**What you need to do**
Line count for the string "Black": give the number of lines in the data below that contain it, and nothing more.

Scraped caption text data:
-*-
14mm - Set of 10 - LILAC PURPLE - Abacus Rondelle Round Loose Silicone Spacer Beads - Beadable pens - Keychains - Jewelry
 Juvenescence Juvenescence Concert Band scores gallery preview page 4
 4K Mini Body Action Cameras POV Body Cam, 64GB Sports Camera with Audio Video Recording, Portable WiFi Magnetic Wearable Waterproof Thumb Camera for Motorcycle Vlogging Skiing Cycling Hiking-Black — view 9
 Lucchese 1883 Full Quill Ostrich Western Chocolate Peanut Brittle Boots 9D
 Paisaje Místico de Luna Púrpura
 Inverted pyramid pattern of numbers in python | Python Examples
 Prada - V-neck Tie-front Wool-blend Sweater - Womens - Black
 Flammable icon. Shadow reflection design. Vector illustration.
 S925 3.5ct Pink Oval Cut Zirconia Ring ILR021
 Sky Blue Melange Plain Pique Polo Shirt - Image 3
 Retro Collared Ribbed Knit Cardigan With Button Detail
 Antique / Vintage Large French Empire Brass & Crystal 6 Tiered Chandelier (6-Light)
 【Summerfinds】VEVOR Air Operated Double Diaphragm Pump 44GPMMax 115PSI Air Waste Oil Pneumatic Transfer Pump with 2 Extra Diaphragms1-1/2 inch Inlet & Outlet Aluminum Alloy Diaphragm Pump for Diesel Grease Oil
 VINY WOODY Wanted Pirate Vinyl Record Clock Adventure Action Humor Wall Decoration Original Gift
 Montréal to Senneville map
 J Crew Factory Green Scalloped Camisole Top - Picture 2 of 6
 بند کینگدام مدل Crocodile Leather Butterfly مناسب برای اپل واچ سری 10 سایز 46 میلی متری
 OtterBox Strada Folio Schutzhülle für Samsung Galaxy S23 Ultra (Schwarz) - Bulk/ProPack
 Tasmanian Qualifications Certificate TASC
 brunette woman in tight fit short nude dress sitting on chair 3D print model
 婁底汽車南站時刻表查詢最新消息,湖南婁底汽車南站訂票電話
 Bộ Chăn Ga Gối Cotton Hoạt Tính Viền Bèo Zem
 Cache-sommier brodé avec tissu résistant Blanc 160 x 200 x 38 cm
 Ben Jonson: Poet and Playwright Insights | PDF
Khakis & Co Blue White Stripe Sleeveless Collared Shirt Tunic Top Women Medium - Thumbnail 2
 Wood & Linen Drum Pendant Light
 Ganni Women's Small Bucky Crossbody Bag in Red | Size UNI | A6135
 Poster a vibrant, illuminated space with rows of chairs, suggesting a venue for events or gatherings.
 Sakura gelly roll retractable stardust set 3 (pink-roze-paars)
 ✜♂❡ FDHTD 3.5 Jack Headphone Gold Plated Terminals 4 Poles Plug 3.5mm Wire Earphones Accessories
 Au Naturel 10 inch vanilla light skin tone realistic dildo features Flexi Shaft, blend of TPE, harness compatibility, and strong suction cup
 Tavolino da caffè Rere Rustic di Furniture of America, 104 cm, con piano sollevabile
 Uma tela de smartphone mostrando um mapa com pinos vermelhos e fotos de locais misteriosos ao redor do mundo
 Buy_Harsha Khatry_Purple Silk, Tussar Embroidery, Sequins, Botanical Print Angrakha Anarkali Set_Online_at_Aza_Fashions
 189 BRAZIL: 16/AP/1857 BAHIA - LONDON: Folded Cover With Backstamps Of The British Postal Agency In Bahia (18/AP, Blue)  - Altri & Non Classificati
-*-
**Exercise result**
2